* _WORK INSTRUCTIONS_: Below are the records; give again exactly the lines from the one containing "Rich layers of" through the one containing "Tennis - Madrid", leaving out pictures.

* _INFORMATION GIVEN_:
• • • • • • •

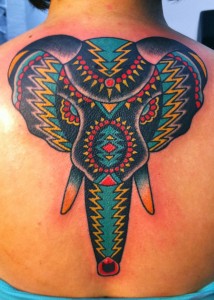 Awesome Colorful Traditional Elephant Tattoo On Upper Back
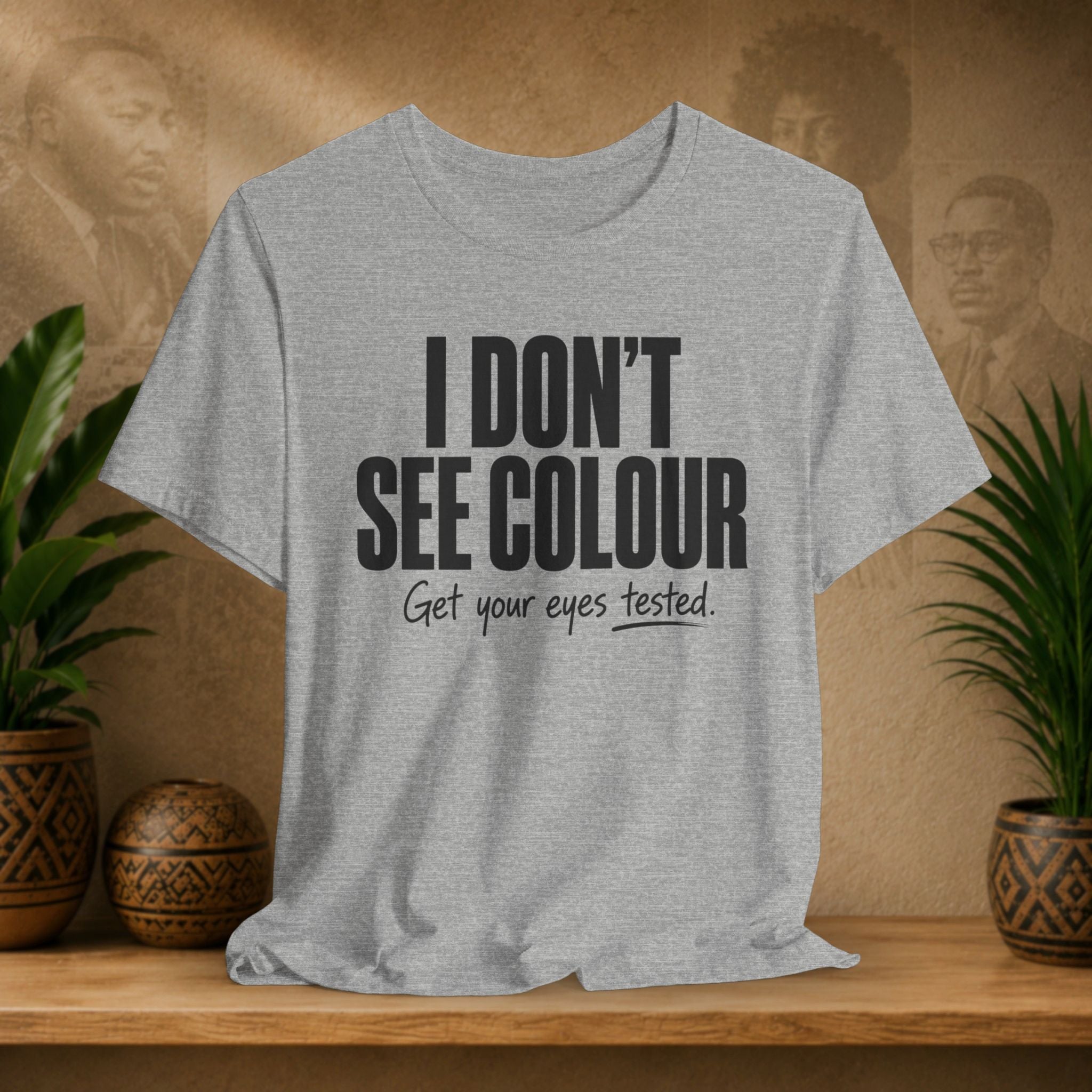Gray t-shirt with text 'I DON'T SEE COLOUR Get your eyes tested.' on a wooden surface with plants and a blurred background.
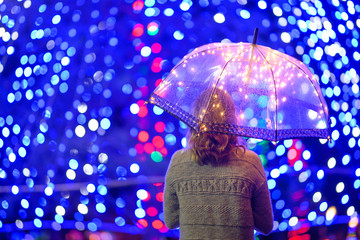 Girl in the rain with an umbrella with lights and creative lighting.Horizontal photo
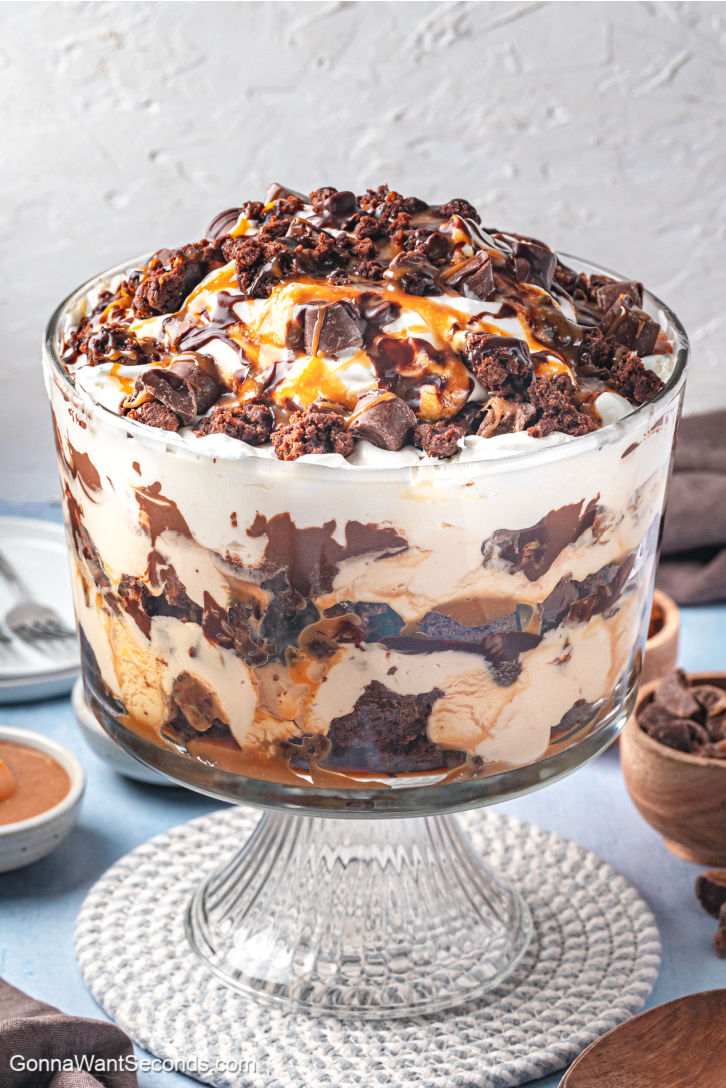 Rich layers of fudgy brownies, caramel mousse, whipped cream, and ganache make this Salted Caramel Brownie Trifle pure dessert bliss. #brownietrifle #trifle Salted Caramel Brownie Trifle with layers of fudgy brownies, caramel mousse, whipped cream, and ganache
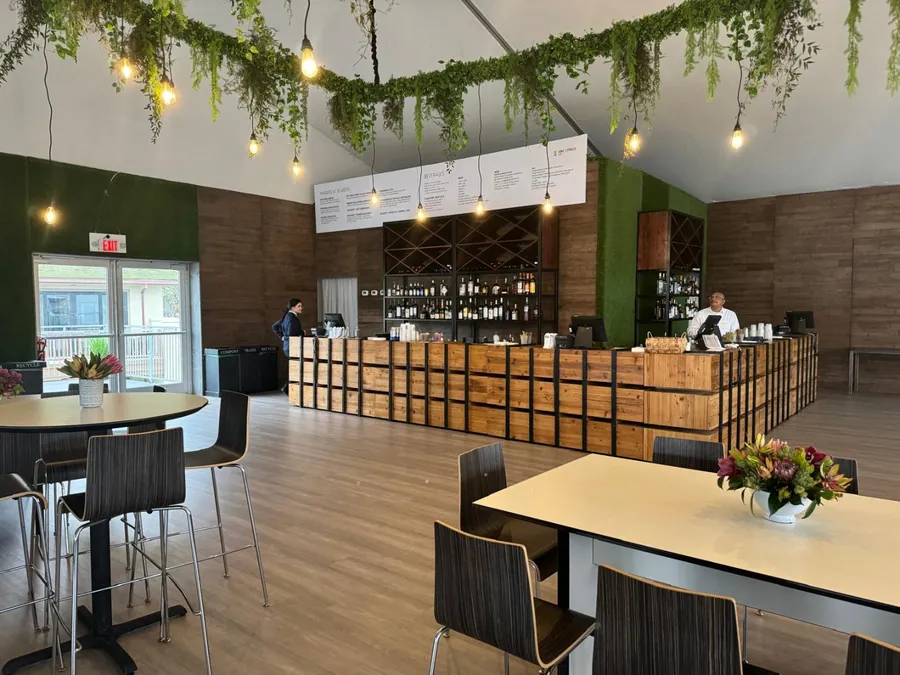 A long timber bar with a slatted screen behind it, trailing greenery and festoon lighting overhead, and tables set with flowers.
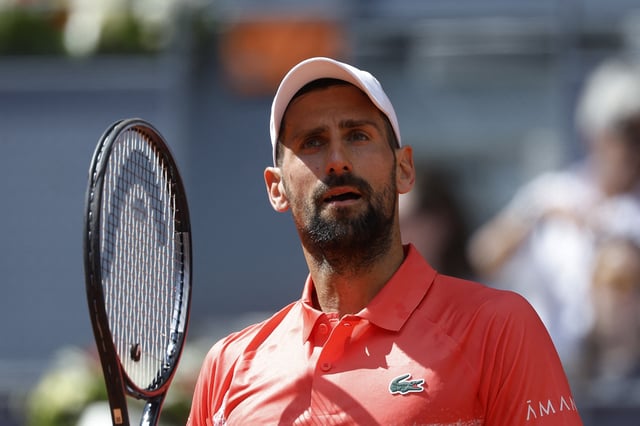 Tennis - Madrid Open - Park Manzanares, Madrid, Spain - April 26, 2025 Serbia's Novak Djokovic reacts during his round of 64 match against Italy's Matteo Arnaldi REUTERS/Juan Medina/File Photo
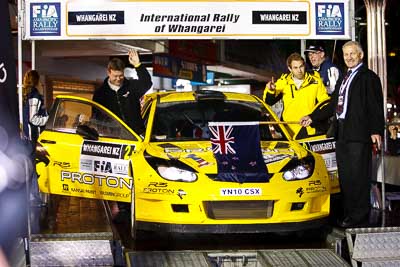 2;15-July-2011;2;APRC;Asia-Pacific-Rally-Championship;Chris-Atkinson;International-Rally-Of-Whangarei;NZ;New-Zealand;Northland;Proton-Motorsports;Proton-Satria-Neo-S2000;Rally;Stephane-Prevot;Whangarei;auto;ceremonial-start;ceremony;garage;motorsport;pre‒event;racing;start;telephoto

• • • • • • •

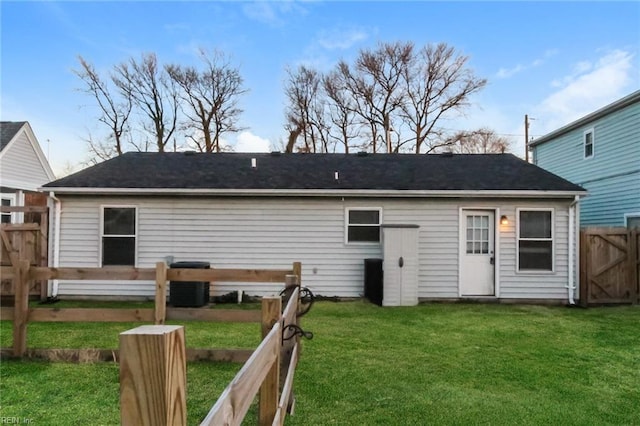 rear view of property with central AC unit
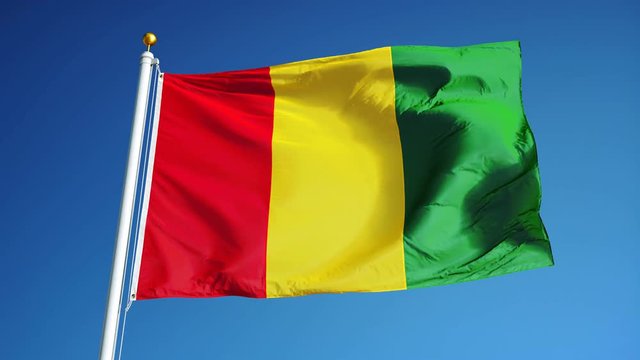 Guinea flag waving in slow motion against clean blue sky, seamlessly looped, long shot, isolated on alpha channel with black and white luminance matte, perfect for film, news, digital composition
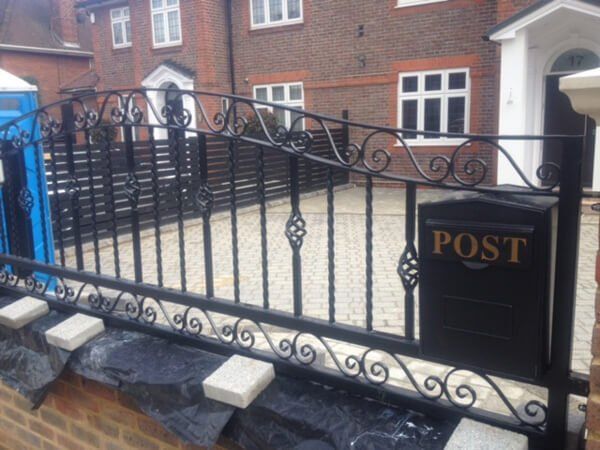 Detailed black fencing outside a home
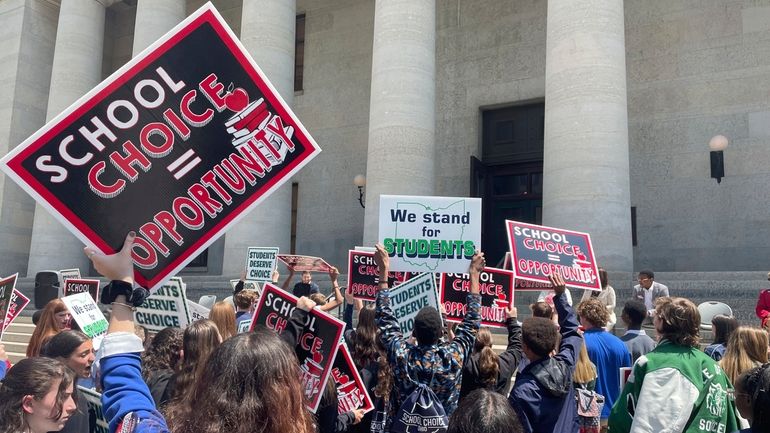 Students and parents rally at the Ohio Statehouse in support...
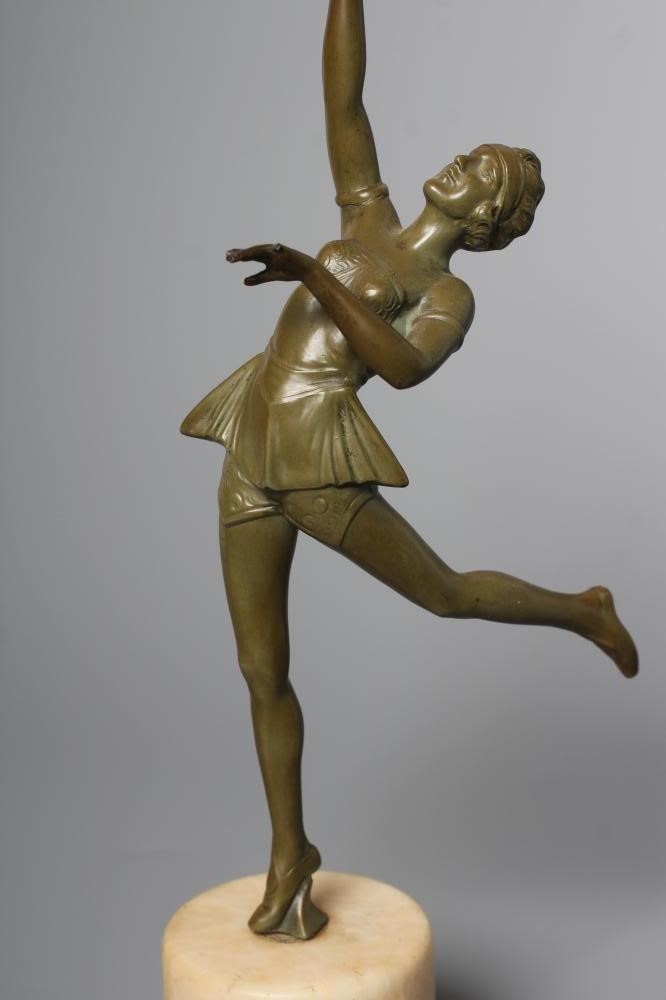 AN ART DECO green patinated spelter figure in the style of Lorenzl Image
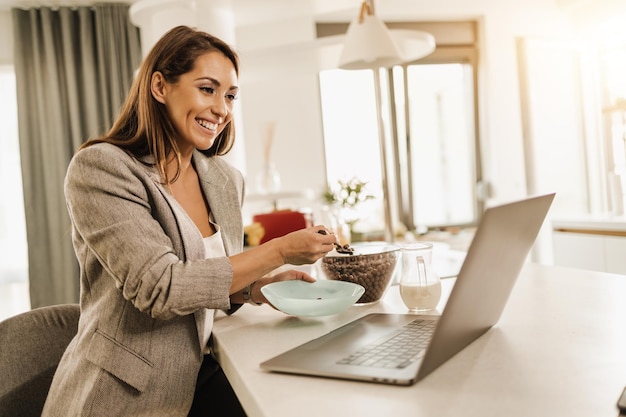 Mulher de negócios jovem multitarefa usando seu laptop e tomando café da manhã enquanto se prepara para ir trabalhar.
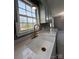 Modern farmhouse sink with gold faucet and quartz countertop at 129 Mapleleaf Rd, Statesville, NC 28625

• • • • • • •

* _TASK ANSWER_:
 Rich layers of fudgy brownies, caramel mousse, whipped cream, and ganache make this Salted Caramel Brownie Trifle pure dessert bliss. #brownietrifle #trifle Salted Caramel Brownie Trifle with layers of fudgy brownies, caramel mousse, whipped cream, and ganache
 A long timber bar with a slatted screen behind it, trailing greenery and festoon lighting overhead, and tables set with flowers.
 Tennis - Madrid Open - Park Manzanares, Madrid, Spain - April 26, 2025 Serbia's Novak Djokovic reacts during his round of 64 match against Italy's Matteo Arnaldi REUTERS/Juan Medina/File Photo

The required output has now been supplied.